Since this holds for any \(t\) and \(\lambda\), it also holds that

\[P(X \geq t)\leq \exp{(-\psi_X^*(t))}.\]

Next, notice that

\[\psi_X(\lambda)=\log\mathbb{E}[\exp{(\lambda X)}]\geq \log\exp\mathbb{E}[\lambda X]=\lambda\mathbb{E}[ X]\]

by Jensen’s inequality. Then,

\[\lambda t-\psi_X(\lambda)\leq 0\]

whenever \(t\geq \mathbb{E}[X]\). This allows us to extend the Cramér transform to the Fenchel-Legendre dual

\[\psi^*_X(t)=\sup_{\lambda \in\mathbb{R}}(\lambda t-\psi_X(\lambda)),\]

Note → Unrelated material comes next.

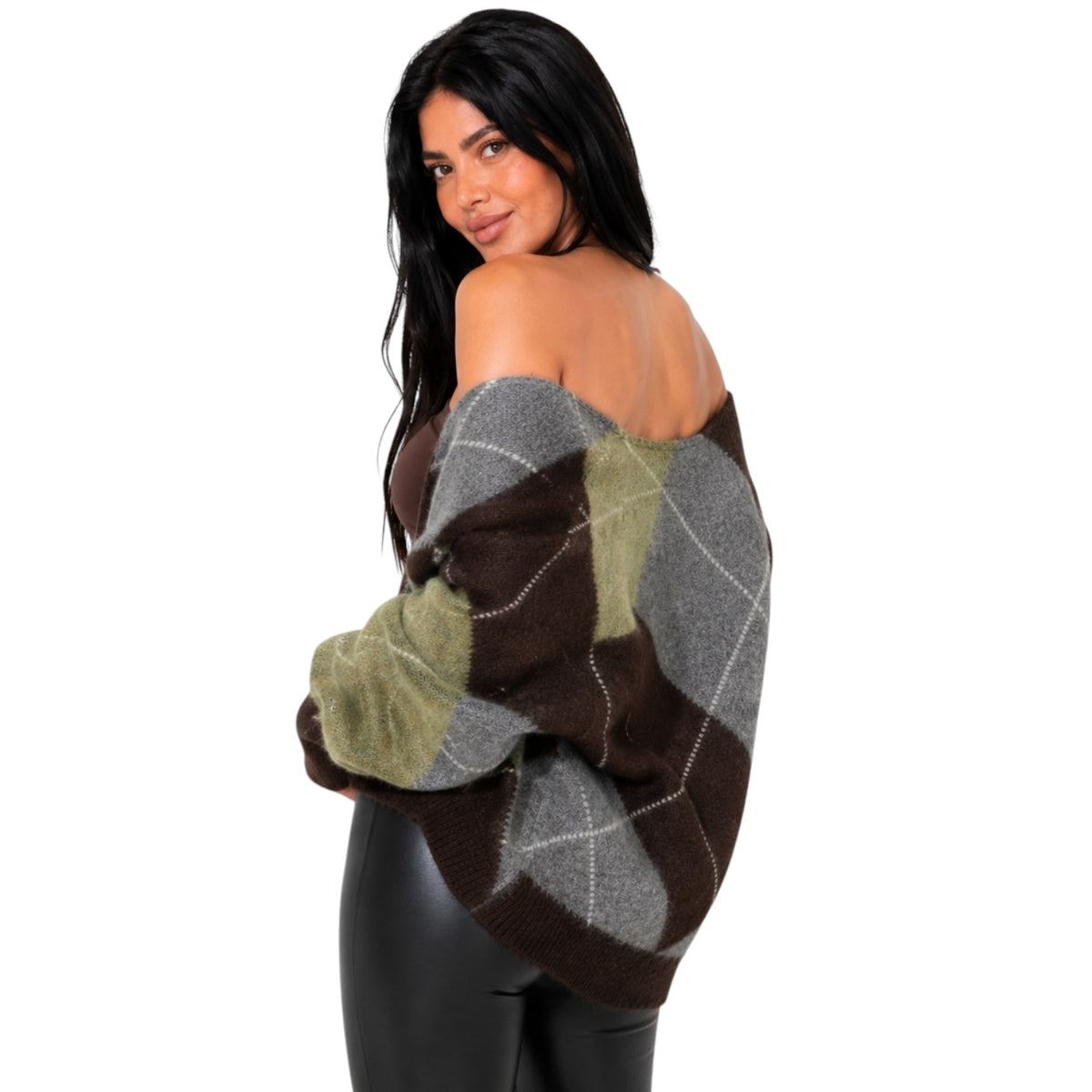 A woman modeling an off-the-shoulder knit sweater with an argyle pattern in brown, gray, and olive green, paired with black pants against a plain white background.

whenever \(t\geq\mathbb{E}[X]\).

References

Boucheron, Stéphane, Gábor Lugosi, and Pascal Massart. 2013. Concentration Inequalities: A Nonasymptotic Theory of Independence. Oxford university press.
Vershynin, Roman. 2018. High-Dimensional Probability: An Introduction with Applications in Data Science. Vol. 47. Cambridge university press.